Na ginástica rítmica, Angélica Kvieczynski conquista 2º bronze

Brasileira leva o 3º lugar na fita e País alcança centésima medalha 

NATHALIA GARCIA, ENVIADA ESPECIAL A TORONTO, O Estado de S. Paulo

20 de julho de 2015 | 12h41

A brasileira Angélica Kvieczynski não conseguiu quebrar a hegemonia dos Estados Unidos na ginástica rítmica, mas faturou sua segunda medalha de bronze nos Jogos Pan-Americanos de Toronto. Foi a centésima medalha do Brasil na competição. A conquista veio após uma bela apresentação na fita, enquanto nas maças ficou com a quinta posição. A grande estrela desta segunda-feira foi a norte-americana Laura Zeng, que ganhou as duas provas do dia e encerrou sua participação no Pan com cinco ouros.

A ginasta brasileira sabia que era "tudo ou nada" para não sair de mãos vazias nesta segunda-feira. Angélica recebeu apoio da torcida nas arquibancadas e, mais confiante, garantiu a terceira melhor nota com a performance na fita (15,633), ficando atrás apenas de Laura Zeng e Jasmine Kerber, em nova dobradinha das norte-americanas. Insatisfeita com o quarto lugar, a canadense Patrícia Bezzoubenko pediu revisão da nota. Os juízes até aumentaram sua pontuação, mas ela continuou fora do pódio. Natalia Gaudio, outra representante do Brasil, foi a última colocada.

Nas maças, Angélica não cometeu falhas graves e obteve boa nota de execução pela série, entretanto, o grau de dificuldade mais baixo empurrou a brasileira para a quinta posição no aparelho, com a pontuação total 15,267. Já Natalia deixou o instrumento ir ao chão, e a pontuação de 13,633 a colocou no oitavo e último lugar.

O ouro ficou mais uma vez com Laura Zeng. Ainda que não tenha feito uma apresentação impecável desta vez, a ginasta de 15 anos voltou a mostrar melhor desenvoltura que as adversárias. A canadense Patrícia Bezzoubenko conquistou a prata e Jasmine Kerber, dos Estados Unidos, levou o bronze.

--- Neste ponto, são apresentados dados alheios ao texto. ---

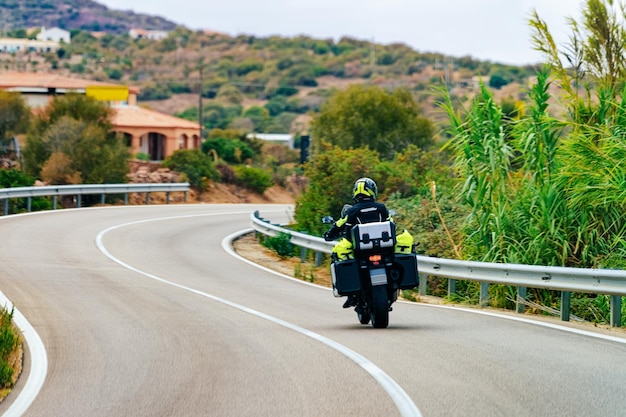 여름에 이탈리아 사르데냐 섬의 코스타 스메랄다(Costa Smeralda) 도로에서 오토바이. 유럽의 고속도로에서 스쿠터를 운전하는 오토바이 운전자. 고속도로에서 오토바이에 보기.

Angélica Kvieczynski fecha sua participação em Toronto apenas com duas medalhas de bronze (fita e arco). A brasileira teve um desempenho inferior ao obtido no Pan de Guadalajara, em 2011, quando ganhou bronze no individual geral, no arco e na bola, além de uma prata nas maças.

É importante ressaltar que, diferentemente de praticamente todas as demais modalidades, a ginástica rítmica ainda não adaptou seu programa pan-americano ao olímpico. Por isso, distribui medalhas por aparelhos no Pan. Na Olimpíada, só é premiada a disputa em que se somam os resultados dos dois aparelhos do conjunto. No individual, a soma das notas dos quatro aparelhos.